**Problem to solve**
Only the lines from the line with "BMW 320i 4 of 19" through the end of the records belong in your reply, copied exactly, with every picture left out.

**Supplied entries**
-- Opening Marker --

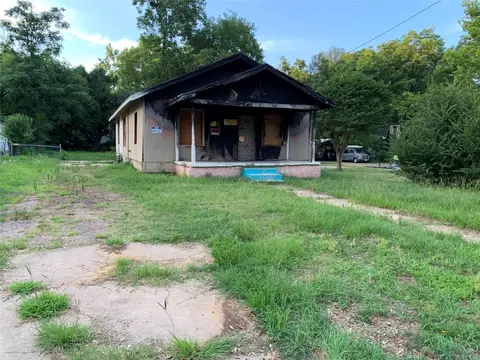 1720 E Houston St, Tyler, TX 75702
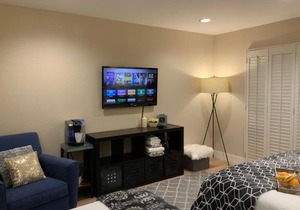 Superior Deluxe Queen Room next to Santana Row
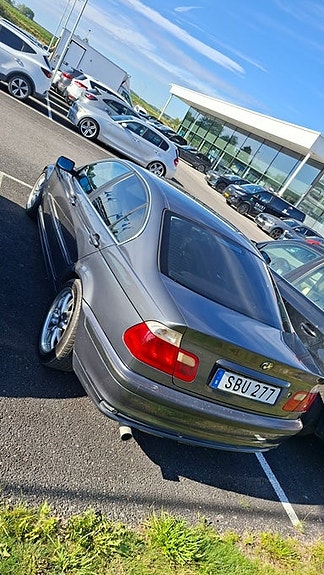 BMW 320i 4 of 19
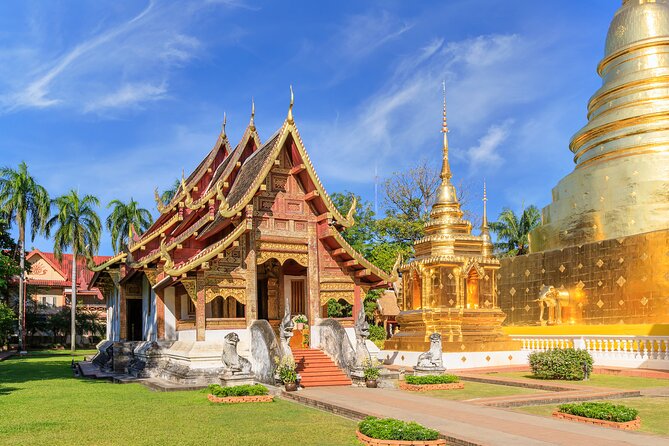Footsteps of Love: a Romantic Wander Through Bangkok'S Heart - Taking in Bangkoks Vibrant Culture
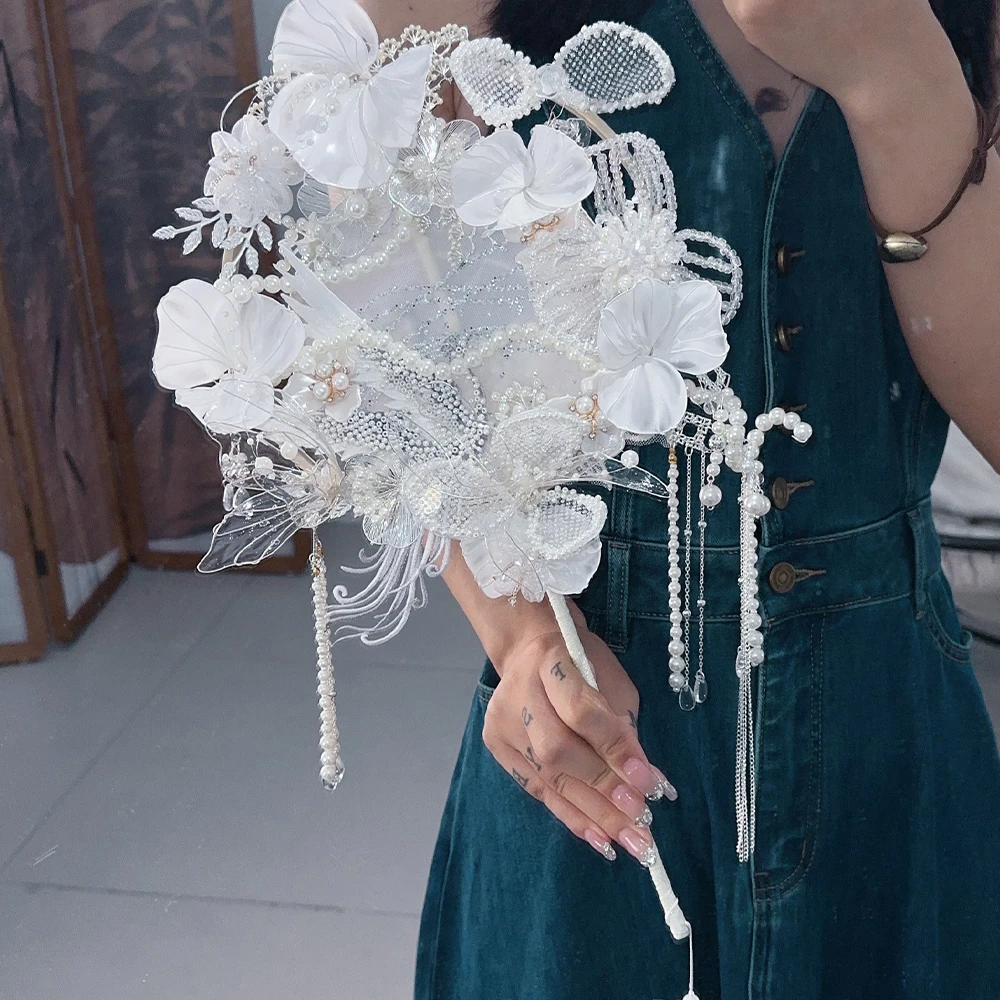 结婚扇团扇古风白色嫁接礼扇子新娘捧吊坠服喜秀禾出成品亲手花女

-- Closing Marker --

**Your response**
 BMW 320i 4 of 19
Footsteps of Love: a Romantic Wander Through Bangkok'S Heart - Taking in Bangkoks Vibrant Culture
 结婚扇团扇古风白色嫁接礼扇子新娘捧吊坠服喜秀禾出成品亲手花女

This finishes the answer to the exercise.